Noah becomes so convinced that all mankind must perish that he reacts to news of his barren daughter-in-law’s miraculous pregnancy by pledging to murder the child upon its birth. The third act deals primarily with Noah stalking around the ark like Jack Nicholson’s crazed novelist in The Shining, plotting the death of his own family.

In the end, an appeal to love breaks through Noah’s resolve. He mercifully relents from his conviction to kill.

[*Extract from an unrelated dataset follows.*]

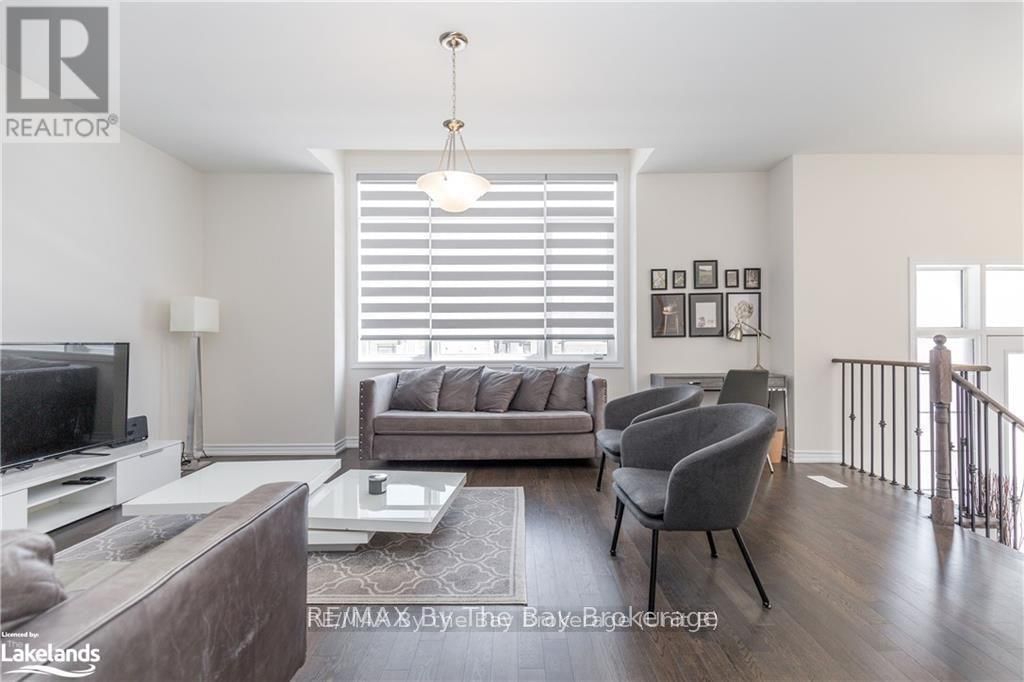 85 SUN VALLEY AVENUE Image 5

In the aftermath, he abandons his family and becomes a drunken deadbeat possessed by the sense that he failed the creator’s assigned task. Resolution comes when his daughter-in-law convinces him that the creator gave Noah the choice to save humanity or not. “He let you decide whether there was anything left worth saving.” http://www.youtube.com/watch?v=BVpLCnpuUYA

From a Christian theological standpoint, this completely upends the gravity of sin and the sovereignty of God in his redemptive plan. First, it imagines that justice can be sated by simply choosing mercy. That notion collapses as soon as we apply it to any real-world example. If someone murdered your loved one and got away with it because the judge decided to be “merciful,” you would hardly feel as though justice had been served. Equally offensive, placing Noah in a position to choose whether or not mankind survives presents a creator who makes things up as he goes and doesn’t really care whether we’re redeemed or not.

All told, and as reactionary as it may seem to unbelievers, Noah proves truly demonic. It brims over with lies from the pit of hell regarding the natures of God, sin, man, and redemption. Time calls the film “better than the book,” as I am sure many secular viewers will agree, because it neatly substitutes the Gospel with humanistic nature worship. It will offend only those who take the biblical narrative seriously, and provide false theological comfort to everyone else.

The unbiblical aspects of Noah are by no means fully documented here. Indeed, a thoroughly unbiblical film would seem to have been Aronofsky’s goal from the start. View it with discernment, or not at all.